TAKE2: Will Cele’s tough talk translate into action?

South Africans can expect more of the same skop, skiet en donder violent discourse on the policing front with the appointment, effective from August 2, of Bheki Cele as the new police national commissioner.

The appointment marks a continuation of the tough talk on policing and crime as first initiated by President Jacob Zuma when he said South African criminal laws are too lenient on suspects of crime and that they needed to ”bite”.

Minister Nathi Mthetwa then followed the president by urging cops not to read criminals a ”human-rights charter” but to instead ”fight fire with fire”.

His deputy Fikile Mbalula also entered the fray and, in colourful language, averred about criminals soiling themselves, supposedly from fear of police action.

Cele, who at the announcement of his appointment seemed to take pride as being a tough man and nonchalantly retorted to a journalist that ”cowboys don’t cry”, has not minced his words either.
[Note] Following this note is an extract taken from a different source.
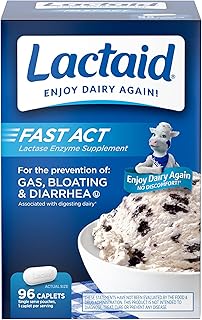 Lactaid Fast Act Lactose Intolerance Relief Caplets with Lactase Enzyme, 96 Count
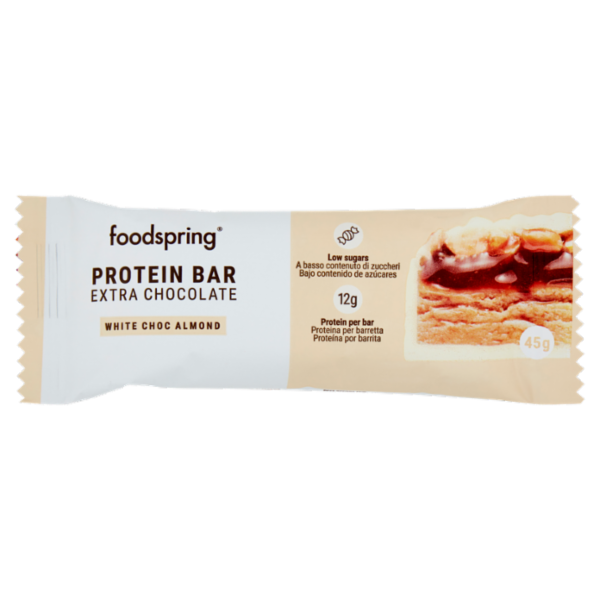foodspring Protein Bar Extra Chocolate White Choc Almond 1 x 45 g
At the very same conference Cele told an attentive audience — and I am not sure whether when they later laughed if it was from sheer amusement or nervousness — that he swears by Section 49 of the Criminal Procedure Act.

Especially, Cele soon revealed, the part that allows for the use of deadly force, to which he boyishly remarked: ”And deadly means dead”.

It is still too early to tell whether this is just political rhetoric aimed at the populist masses.

One thing for sure though, if Cele’s track record is anything to go by, you can expect action.

Cele, as Zuma pointed out in his speech, has had a successful run putting out fires of taxi violence in a volatile KwaZulu-Natal.

The only problem with this state of affairs is that most suspects deemed to have allegedly committed serious crimes in KwaZulu-Natal, on Cele’s watch, in most instances end up in body bags.

Alas, crime researcher David Bruce aptly captures what I am trying to get at when he grappled with this very same issue and stated: ”It is important to clarify whether this is a war in which we take people prisoner once they have surrendered, or whether it is a war in which we kill without mercy.”